The Master, in its first edition, is designed to provide in-depth training in the management, curation, cataloguing and analysis of research data, skills that are increasingly crucial in the scientific world. The Master's program is in line with the needs of the European Commission and other funding bodies, which require that data be processed according to the FAIR principles. These principles guarantee that data are Findable (easily available), Accessible (accessible to anyone who needs it), Interoperable (integrable with other data and usable by different applications) and Reusable (reusable for new research)

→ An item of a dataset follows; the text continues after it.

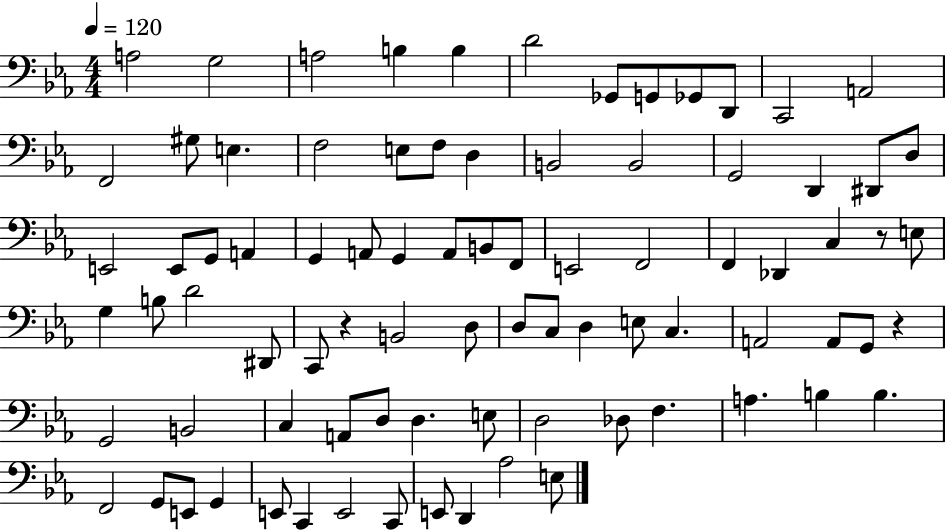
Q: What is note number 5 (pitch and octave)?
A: B3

The course, lasting nine months, is divided into a teaching phase of 166 hours of theoretical lessons and a seven-month practical phase to be carried out at the laboratories of the institutions from which the participants come. The structure and program of the Master are totally innovative in the national and international panorama, with a specific focus on the implementation of FAIR-by-design processes during the months of internship in the laboratory.
FAIR-by-design is a native management of research data: it concerns the management of research data from their creation, ensuring that they are treated according to FAIR principles until their publication. To realize FAIR-by-design, it is essential to design and implement an automated chain of hardware and software connections. This chain includes research instrumentation, data annotation software to obtain metadata (additional information about the data) and data analysis programs. The adoption of FAIR-by-design involves a significant reduction in human intervention during all phases of the data life cycle, while ensuring high quality and integrity. This approach requires considerable effort and use of resources in the initial design phase, but represents a strong point for research infrastructures that adopt it, significantly improving the management and quality of data in experimental and computational laboratories.
At the end of the course, researchers will have acquired theoretical and practical skills in Open Science Methodologies, FAIR-by-design data management, use of tools and software for the acquisition and enrichment of metadata and tools and methods for the analysis of scientific data.
Each of the NFFA-DI operational units is represented by one or more participants in the Master, who during the months of internship will operate as a DataSteward in the various nodes of the project, contributing to the construction of an interoperable and integrated nanoscience data management infrastructure across the national territory.